- Tá com sono?
- Não.
- Nem eu.
- Quando se fica uma noite sem dormir os olhos ficam pretos?
- Acho que não. Podem ficar vermelhos ou profundos ao redor deles.
- Tô com sono.
- Como assim? Como você conseguiu chamar o sono?
- É assim: você fica muito tempo com os olhos abertos que o sono vem.
- Vou tentar...
- Conseguiu?
- Ainda não. E você?
- Não.
- Esse seu jeito de pegar no sono não está funcionando muito...
- Quando chove não sei por que os colchões ficam macios... Quando eu ia pra creche a tia botava todo mundo pra dormir juntos em vários colchões. Quando chovia a gente dormia a tarde toda, mas quando não chovia a gente brincava escondido na hora que tinha que dormir. Era só ela sair que a gente começava a brincar. Ela via aquela bagunça e brigava e botava a gente pra dormir de novo, mas era só ela sair começava tudo de novo. Quando eu brinco o sono vai embora... Eu acho que esse sono também não está com sono.
- Chama ele pra gente dormir.
- Sono cadê você?... Na escola a gente chama os lápis desaparecidos. Todo mundo fica posição de cachorrinho no chão procurando e chamando ele, assim: Lápis, a gente vai fechar os e você aparece, e ele aparece.

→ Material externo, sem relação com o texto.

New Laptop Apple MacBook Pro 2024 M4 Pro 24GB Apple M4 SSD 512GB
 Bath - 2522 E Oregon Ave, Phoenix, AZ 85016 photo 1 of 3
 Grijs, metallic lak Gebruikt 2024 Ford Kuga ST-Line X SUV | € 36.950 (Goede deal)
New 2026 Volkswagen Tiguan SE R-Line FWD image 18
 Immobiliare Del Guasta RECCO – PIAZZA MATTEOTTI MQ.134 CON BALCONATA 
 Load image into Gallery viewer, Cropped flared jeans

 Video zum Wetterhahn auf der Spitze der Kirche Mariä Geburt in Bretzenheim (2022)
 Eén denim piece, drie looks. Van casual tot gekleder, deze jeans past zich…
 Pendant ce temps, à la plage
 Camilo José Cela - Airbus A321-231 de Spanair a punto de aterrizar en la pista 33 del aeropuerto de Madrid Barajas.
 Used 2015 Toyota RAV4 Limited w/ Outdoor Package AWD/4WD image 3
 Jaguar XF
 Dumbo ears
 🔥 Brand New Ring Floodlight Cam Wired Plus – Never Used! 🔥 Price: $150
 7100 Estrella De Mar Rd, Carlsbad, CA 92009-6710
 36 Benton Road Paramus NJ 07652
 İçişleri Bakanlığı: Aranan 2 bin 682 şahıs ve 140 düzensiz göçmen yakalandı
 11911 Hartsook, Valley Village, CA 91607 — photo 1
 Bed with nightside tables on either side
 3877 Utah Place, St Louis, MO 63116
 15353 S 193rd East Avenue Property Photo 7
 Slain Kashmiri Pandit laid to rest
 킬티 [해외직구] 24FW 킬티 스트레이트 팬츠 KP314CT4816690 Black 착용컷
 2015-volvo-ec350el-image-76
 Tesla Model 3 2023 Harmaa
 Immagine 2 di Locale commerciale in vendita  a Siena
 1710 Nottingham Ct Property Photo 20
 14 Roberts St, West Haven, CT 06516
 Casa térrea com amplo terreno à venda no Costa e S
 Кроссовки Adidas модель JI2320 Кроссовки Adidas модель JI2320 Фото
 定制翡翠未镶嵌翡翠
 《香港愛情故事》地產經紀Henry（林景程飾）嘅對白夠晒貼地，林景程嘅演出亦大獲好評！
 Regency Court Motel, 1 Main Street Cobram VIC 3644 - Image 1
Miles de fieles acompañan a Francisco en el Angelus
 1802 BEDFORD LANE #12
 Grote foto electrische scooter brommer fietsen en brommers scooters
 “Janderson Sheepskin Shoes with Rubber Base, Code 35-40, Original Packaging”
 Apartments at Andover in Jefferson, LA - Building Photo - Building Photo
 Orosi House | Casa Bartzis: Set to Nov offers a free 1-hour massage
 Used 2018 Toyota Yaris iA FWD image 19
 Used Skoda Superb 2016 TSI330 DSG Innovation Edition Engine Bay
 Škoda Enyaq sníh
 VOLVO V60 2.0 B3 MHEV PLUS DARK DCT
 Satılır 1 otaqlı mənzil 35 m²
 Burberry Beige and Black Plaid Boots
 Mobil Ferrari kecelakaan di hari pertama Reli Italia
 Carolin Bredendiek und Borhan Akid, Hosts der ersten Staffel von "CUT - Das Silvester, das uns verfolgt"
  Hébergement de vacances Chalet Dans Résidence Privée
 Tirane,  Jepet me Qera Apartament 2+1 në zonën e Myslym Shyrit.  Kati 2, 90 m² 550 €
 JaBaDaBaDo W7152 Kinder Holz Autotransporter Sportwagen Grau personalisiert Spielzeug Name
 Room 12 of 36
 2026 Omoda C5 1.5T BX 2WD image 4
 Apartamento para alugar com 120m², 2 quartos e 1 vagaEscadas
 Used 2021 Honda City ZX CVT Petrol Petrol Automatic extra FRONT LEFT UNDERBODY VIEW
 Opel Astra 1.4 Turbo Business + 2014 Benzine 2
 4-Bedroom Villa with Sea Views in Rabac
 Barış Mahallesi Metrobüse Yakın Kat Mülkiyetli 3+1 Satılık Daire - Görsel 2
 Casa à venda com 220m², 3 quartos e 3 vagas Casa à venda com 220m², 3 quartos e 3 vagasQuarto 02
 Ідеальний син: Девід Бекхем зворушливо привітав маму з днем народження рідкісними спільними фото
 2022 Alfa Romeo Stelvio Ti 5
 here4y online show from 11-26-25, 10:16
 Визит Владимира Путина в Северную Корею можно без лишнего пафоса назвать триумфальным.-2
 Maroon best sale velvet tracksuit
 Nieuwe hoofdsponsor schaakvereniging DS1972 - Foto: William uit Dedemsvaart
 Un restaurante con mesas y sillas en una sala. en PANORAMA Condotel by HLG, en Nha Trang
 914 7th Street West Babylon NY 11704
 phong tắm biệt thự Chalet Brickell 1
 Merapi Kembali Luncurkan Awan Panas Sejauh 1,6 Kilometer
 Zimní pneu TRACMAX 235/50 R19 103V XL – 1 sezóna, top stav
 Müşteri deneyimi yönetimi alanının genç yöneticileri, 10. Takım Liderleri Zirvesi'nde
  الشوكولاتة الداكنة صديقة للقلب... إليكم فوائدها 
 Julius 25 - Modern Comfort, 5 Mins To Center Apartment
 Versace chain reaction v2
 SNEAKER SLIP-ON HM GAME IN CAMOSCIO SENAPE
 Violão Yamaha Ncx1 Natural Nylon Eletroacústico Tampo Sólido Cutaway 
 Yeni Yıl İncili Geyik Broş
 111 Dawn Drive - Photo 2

- Mas porque tem que ficar na posição de cachorrinho?
- Ué, porque tem que olhar debaixo das carteiras, mesas e nos dos pés dos coleguinhas. Tem que ser posição de cachorrinho mesmo.
- Hum, entendi... A gente precisa dormir...
- Meus olhos estão ficando pretos... Dormiu?
- Não...
- Quando você dormir você me fala?
- Falo.
- Mas se eu e você dormir como a gente vai avisar uma pra outra que dormiu?
- Então, quem dormir por último vai saber a resposta.
- Mas e se a duas dormirem ao mesmo tempo?
- Ai, eu não sei. Então, só dorme...
De manhã quando eu acordei, ela tinha ido pra minha cama, estava abraçada nas minhas pernas. Dormiu comigo e nem vi quando ela mudou de cama. Eu devo ter pegado no sono primeiro.